Devant elles se dressait une vieille chaumière en pierres ; véritable nid de sorcière. Dans un champ délimité par des enclosures, un cheval broutait une herbe grasse et fraîche. Sa robe était de la couleur de l’ébène et ses yeux étaient de celle de l’argent. Émerveillée, la princesse s’élança vers elle, mais elle fut coupée dans son élan par sa grand-mère qui l’avait retenue par un pan de sa robe.

– Où t’en vas-tu ainsi, ma petite ? la gronda-t-elle.

– Mais pourquoi ? hoqueta la princesse, les yeux baignés de larmes, car jamais son ancêtre n’avait élevé la voix.

– Ce n’est pas poli. Tu ne t’es pas présentée. Sont-ce les manières d’une petite fille bien élevée ?

Boudeuse, elle convint que non et s’excusa auprès de sa grand-mère.

– Voyons ! Ce n’est pas à moi qu’il faut demander pardon.

La princesse leva vers son aïeule un regard plein d’incompréhension.

– Mais, c’est à elle qu’il te faut présenter tes excuses, sourit-elle en pointant un index vers l’animal qui passait dans le pré.

– Ah ?

– Viens ! lui enjoignit-elle, comme elle se saisissait de sa main et l’entraînait à sa suite. À mi-chemin, la jument, puisque c’en était une, redressa la tête et vint à leur rencontre. La princesse s’aperçut alors que sa crinière n’était pas de la couleur de l’ivoire, comme elle l’avait tout d’abord cru. Elle était d’un blanc proche de celui de la neige, ou du givre qui dessinait de si jolis motifs sur les fenêtres en hiver.

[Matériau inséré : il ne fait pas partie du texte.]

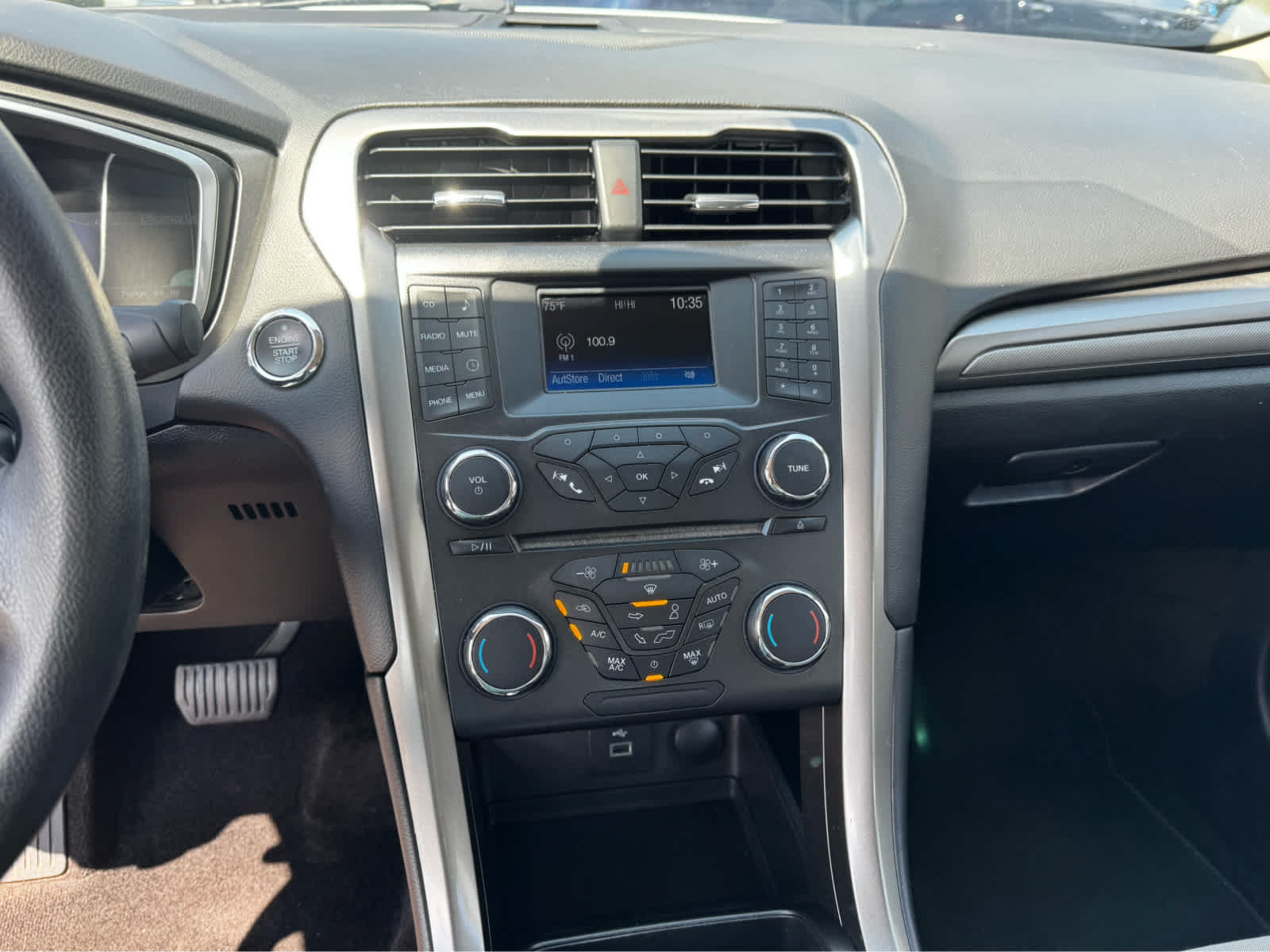 Certified 2018 Ford Fusion S FWD image 18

– Comment s’appelle-t-elle ? chuchota-t-elle à l’oreille de sa grand-mère.

– Pourquoi ne lui poserais-tu pas la question ? Elle est bien assez grande pour te répondre elle-même. Va donc ! Tu brûles de grimper sur son dos.

À ces mots, la princesse fut transportée de joie et courut vers l’animal qui s’était arrêté de trotter. Néanmoins, arrivée à quelques pas, elle ralentit sa course, intimidée par la formidable aura qui se dégageait d’elle. Elle n’osait s’en approcher plus, comme si elle craignait de déchaîner la fureur de quelques divinités.

– Approche, mon enfant ! hennit la jument. Tu n’as aucune crainte à avoir. Je parais effrayante, immense, au-delà de toute compréhension. Mais ce n’est qu’illusion.

Tremblant de tous ses membres, la jeune fille tendit une main vers ses naseaux. Son haleine était chaude, presque brûlante et son mufle avait la douceur de la soie.

– Je me nomme Mélanime et je suis une Tisseuse de Conte. Et toi, comment t’appelles-tu petite princesse ?

– Co… comment je m’appelle ? balbutia-t-elle. Mais… mais, en fait, je… Comment saurai-je ?

La jument s’était éloignée et la fixait de ses prunelles argentées.

– Je vois, murmura l’animal. De toute façon, cela n’a pas d’importance, enfin pas encore. De plus, je connais tout des raisons qui t’amènent à moi, même si tu les ignores sans doute.

De plus en plus déconvenue, la jeune fille était gagnée par une peur panique et, alors qu’elle faisait demi-tour, elle heurta de plein fouet sa grand-mère.

– Grand-mère ! Grand-mère ! sanglotait-elle.

À genou, elle l’enlaça.

– Pourquoi pleures-tu ainsi ? s’enquit-elle tandis qu’elle passait sa main au milieu de ses boucles brunes.

– Je suis morte, n’est-ce pas, s’écria soudain l’ingénue enfant.

Sa grand-mère la repoussa et prit son visage entre ses mains parcheminées.

– Enfin ! Quelle idée saugrenue ! D’où te vient cette pensée ?

La princesse pointa alors son doigt en direction de la jument noire.